──────── MATERIAL SUPPLIED
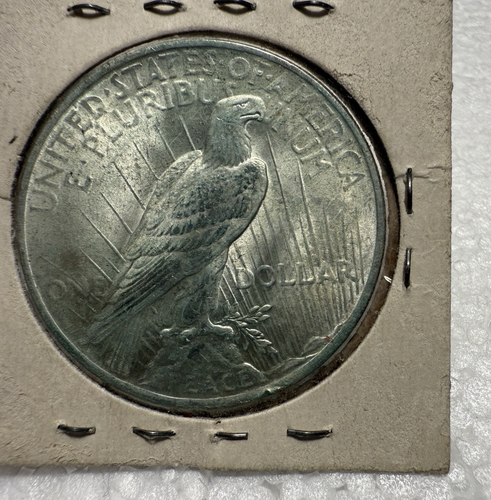 1923 Liberty Peace One Dollar Silver Coin US Treasury Eagle Protected Clean - Picture 12 of 16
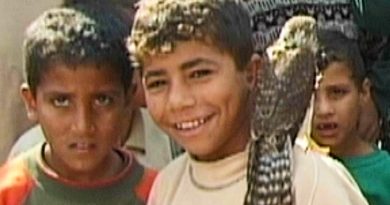 with hasan in gaza critica doclisboa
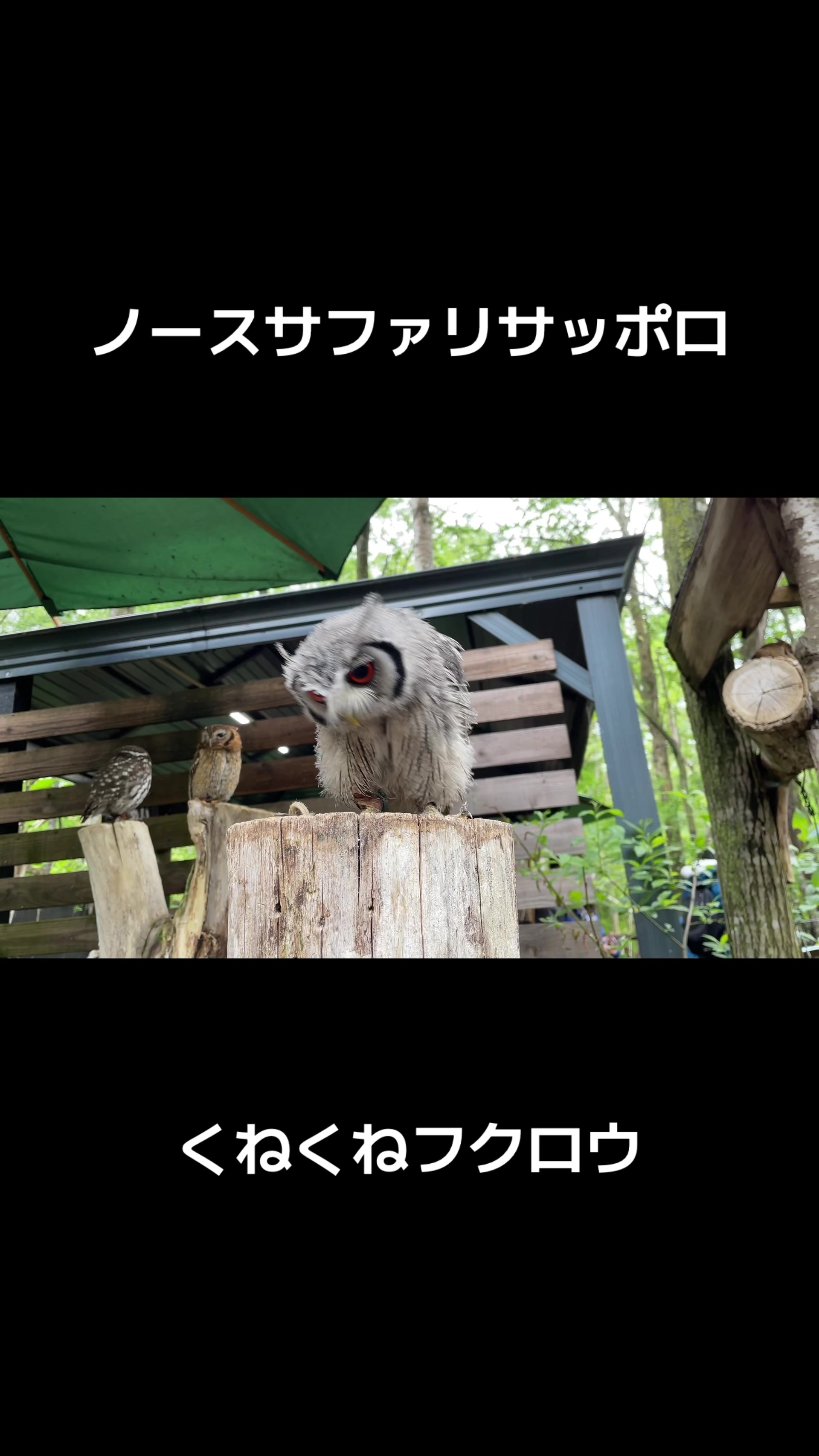 @華宮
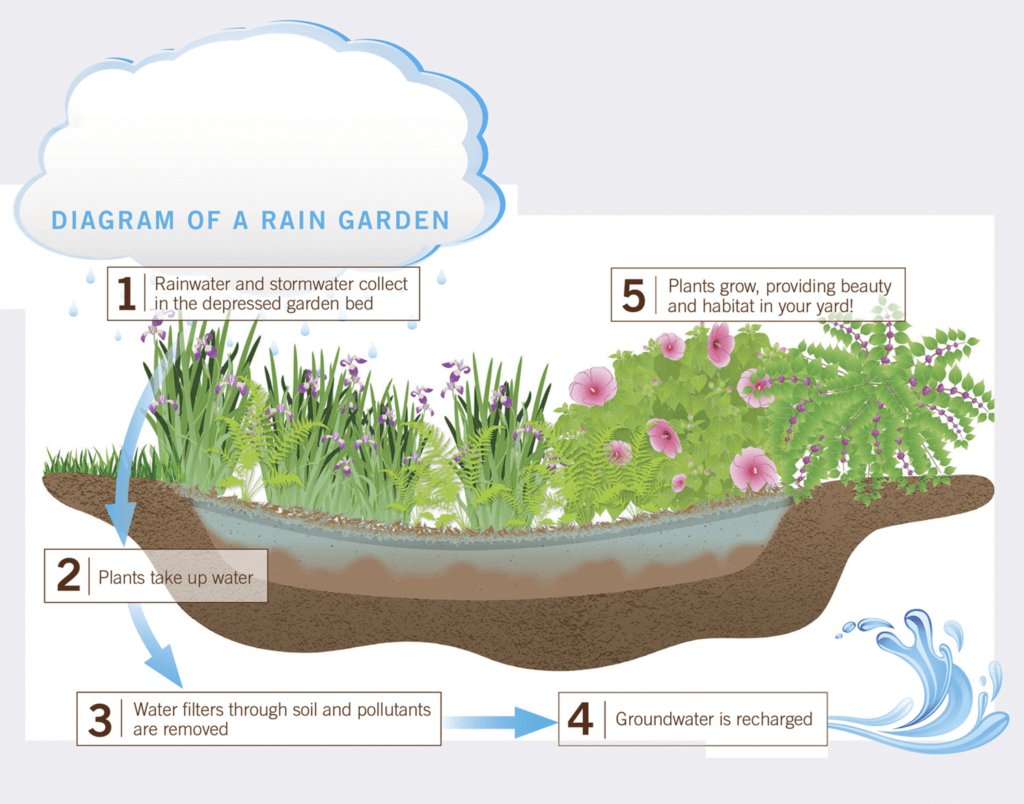 دورة الحديقة المطرية (Rain Garden): تستقبل الأحواض النباتية مياه السيول السطحية، لتبطئ جريانها وترشح الملوثات عبر طبقات التربة، مما يسمح بإعادة تغذية الخزان الجوفي طبيعياً بدلاً من إرهاق شبكات الصرف.
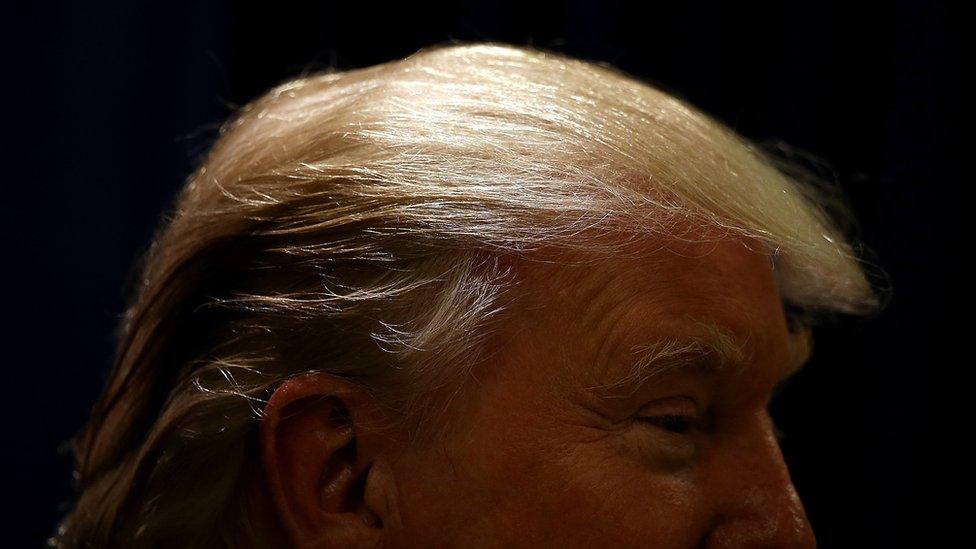 Donald Trump's hair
────────────────
### WHAT IS BEING ASKED:
Quote, word for word and nothing more, every line from the line with "دورة الحديقة المطرية" to the end of the entries, including both ends; skip any pictures.

### SOLUTION TO THE EXERCISE:
 دورة الحديقة المطرية (Rain Garden): تستقبل الأحواض النباتية مياه السيول السطحية، لتبطئ جريانها وترشح الملوثات عبر طبقات التربة، مما يسمح بإعادة تغذية الخزان الجوفي طبيعياً بدلاً من إرهاق شبكات الصرف.
 Donald Trump's hair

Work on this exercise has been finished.